__Directions for this task__.
As the answer, give every line of the records that includes the word "Creator".

+++ Data to use +++

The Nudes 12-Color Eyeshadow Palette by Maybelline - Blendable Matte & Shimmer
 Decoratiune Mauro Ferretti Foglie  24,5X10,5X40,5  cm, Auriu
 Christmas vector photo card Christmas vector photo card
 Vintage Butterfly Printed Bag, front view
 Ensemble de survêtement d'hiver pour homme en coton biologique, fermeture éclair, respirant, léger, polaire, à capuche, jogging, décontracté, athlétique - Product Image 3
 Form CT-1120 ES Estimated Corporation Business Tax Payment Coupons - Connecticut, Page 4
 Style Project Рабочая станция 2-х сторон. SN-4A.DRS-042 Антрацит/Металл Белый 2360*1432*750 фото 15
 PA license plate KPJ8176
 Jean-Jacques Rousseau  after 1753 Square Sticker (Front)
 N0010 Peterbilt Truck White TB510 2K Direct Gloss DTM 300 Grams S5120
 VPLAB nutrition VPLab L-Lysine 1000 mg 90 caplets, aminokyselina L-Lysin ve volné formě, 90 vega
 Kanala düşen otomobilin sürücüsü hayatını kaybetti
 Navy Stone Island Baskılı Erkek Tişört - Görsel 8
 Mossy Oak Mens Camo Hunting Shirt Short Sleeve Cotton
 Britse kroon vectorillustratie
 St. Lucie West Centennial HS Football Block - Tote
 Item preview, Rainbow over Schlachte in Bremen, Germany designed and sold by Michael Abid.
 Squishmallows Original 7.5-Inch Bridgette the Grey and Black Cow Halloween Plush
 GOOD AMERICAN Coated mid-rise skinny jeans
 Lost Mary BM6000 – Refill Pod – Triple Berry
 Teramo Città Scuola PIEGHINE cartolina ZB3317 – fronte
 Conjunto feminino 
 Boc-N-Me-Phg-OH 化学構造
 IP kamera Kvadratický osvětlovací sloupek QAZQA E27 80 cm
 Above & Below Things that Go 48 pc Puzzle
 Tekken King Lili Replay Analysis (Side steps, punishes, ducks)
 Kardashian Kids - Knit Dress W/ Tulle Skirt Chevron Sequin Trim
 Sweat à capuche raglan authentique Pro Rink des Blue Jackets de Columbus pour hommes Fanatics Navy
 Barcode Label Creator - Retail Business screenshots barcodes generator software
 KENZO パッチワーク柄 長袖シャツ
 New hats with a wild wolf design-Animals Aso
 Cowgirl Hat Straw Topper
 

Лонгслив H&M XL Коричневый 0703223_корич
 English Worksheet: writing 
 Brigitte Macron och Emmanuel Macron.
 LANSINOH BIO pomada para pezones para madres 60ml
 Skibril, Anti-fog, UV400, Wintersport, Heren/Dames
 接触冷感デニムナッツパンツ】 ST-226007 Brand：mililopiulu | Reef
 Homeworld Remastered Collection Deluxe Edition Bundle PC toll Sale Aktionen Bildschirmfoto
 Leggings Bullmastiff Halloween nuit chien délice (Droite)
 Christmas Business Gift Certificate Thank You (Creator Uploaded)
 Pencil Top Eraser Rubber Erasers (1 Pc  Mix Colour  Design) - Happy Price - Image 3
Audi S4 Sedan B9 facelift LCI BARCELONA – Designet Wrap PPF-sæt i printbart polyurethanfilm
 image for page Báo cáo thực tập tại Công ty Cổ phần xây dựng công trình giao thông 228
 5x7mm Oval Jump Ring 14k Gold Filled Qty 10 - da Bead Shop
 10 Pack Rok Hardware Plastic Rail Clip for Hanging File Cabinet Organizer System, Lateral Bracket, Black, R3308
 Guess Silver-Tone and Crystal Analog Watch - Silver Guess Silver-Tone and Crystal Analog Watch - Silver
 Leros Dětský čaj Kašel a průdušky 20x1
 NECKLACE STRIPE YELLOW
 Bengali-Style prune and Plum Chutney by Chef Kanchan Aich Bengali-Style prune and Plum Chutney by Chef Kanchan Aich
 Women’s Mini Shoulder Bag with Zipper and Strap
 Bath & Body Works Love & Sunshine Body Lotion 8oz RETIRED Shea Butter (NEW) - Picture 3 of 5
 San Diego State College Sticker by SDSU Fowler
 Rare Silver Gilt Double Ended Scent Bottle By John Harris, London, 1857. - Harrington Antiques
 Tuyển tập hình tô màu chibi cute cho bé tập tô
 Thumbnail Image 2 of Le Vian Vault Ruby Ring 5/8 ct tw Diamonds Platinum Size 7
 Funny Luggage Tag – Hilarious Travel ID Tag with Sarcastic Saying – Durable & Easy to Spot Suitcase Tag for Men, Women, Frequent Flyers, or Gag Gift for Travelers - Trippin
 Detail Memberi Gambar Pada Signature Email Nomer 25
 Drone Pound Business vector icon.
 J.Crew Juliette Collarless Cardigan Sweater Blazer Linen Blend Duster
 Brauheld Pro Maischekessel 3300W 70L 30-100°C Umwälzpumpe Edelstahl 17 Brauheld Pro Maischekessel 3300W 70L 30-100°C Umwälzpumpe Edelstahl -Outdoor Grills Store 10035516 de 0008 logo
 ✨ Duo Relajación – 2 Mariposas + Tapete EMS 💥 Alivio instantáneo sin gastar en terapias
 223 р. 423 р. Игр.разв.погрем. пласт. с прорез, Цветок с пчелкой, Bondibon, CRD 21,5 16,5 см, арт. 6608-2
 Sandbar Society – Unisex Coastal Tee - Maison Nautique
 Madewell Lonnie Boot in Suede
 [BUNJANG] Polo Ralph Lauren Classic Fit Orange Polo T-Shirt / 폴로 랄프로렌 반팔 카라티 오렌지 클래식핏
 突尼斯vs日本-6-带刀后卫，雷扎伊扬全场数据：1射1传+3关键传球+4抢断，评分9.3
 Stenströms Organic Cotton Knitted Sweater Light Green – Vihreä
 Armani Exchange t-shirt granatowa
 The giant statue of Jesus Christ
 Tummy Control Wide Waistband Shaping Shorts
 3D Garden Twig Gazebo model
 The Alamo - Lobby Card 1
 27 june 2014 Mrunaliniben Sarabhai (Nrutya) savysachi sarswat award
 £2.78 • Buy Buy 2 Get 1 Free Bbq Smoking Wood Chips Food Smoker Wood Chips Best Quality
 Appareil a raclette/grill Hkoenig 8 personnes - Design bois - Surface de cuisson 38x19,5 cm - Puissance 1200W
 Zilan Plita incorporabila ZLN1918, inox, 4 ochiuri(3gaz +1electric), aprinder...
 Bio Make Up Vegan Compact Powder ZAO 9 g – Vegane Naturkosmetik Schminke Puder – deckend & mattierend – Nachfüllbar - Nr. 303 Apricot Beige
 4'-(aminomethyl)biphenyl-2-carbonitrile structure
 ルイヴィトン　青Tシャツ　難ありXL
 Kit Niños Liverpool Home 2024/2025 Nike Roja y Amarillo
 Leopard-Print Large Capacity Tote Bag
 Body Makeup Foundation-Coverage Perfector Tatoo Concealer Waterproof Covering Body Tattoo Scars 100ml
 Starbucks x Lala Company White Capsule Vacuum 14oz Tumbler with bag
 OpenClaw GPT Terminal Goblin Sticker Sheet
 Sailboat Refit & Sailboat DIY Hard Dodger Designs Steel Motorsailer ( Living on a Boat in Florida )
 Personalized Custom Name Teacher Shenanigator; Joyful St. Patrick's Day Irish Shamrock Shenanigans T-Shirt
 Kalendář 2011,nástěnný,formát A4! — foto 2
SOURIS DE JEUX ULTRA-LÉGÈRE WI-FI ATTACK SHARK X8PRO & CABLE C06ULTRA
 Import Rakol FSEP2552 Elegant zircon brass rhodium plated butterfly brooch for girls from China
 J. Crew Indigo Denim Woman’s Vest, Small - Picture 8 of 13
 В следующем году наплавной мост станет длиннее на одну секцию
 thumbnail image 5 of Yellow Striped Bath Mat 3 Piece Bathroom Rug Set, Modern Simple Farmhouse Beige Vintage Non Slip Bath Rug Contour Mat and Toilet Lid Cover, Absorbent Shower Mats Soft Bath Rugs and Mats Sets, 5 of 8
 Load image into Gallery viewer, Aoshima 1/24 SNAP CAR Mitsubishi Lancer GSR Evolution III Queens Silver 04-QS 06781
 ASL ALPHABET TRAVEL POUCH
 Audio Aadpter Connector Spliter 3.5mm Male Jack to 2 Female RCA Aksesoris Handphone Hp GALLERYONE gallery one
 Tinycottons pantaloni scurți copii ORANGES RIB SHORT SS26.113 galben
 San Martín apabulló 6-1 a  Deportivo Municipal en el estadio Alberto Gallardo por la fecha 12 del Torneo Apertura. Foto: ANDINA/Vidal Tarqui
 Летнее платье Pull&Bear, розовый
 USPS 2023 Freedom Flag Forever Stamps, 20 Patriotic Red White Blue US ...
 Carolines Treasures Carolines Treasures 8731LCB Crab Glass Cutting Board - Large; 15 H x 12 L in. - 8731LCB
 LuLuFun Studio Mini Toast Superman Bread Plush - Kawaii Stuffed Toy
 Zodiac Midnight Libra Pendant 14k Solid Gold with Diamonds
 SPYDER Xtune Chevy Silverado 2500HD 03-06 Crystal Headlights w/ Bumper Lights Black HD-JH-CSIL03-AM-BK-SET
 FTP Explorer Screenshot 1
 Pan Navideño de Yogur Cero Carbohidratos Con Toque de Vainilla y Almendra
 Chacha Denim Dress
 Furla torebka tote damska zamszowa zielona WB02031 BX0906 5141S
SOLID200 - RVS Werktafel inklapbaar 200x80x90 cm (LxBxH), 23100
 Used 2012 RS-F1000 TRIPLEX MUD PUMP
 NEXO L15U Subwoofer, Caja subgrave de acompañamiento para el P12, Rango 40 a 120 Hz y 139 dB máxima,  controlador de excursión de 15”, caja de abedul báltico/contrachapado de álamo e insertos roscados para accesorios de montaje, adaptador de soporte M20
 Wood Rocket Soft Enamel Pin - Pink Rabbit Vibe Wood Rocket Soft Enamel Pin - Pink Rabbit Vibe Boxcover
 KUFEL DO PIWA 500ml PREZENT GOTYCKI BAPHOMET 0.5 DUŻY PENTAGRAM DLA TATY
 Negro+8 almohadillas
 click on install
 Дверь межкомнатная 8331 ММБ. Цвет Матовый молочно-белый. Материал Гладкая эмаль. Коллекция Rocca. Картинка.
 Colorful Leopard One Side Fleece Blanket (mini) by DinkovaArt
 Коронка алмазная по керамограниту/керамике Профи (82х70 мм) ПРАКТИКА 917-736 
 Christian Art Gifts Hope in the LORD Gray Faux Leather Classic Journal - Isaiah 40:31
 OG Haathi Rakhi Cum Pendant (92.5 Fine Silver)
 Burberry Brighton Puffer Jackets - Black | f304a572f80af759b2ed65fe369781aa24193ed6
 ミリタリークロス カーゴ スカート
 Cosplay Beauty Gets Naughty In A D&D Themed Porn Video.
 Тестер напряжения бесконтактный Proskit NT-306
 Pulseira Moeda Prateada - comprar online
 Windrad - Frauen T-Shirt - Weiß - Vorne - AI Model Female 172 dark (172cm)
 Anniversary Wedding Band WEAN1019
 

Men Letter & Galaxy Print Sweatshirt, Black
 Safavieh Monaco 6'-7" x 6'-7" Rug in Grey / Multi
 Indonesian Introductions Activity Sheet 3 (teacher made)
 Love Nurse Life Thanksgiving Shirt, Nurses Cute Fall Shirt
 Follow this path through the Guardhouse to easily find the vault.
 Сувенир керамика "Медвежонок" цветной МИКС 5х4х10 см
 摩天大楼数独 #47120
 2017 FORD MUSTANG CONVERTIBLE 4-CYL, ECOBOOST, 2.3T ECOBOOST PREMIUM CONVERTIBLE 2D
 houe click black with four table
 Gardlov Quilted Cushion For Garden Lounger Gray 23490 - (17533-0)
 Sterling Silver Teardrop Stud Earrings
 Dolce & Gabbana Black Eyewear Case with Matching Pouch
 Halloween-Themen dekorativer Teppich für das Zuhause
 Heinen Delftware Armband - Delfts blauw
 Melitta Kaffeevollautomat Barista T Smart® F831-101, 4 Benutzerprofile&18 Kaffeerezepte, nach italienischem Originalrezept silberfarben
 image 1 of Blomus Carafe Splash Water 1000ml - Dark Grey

+++

__Task solution__.
 Barcode Label Creator - Retail Business screenshots barcodes generator software
 Christmas Business Gift Certificate Thank You (Creator Uploaded)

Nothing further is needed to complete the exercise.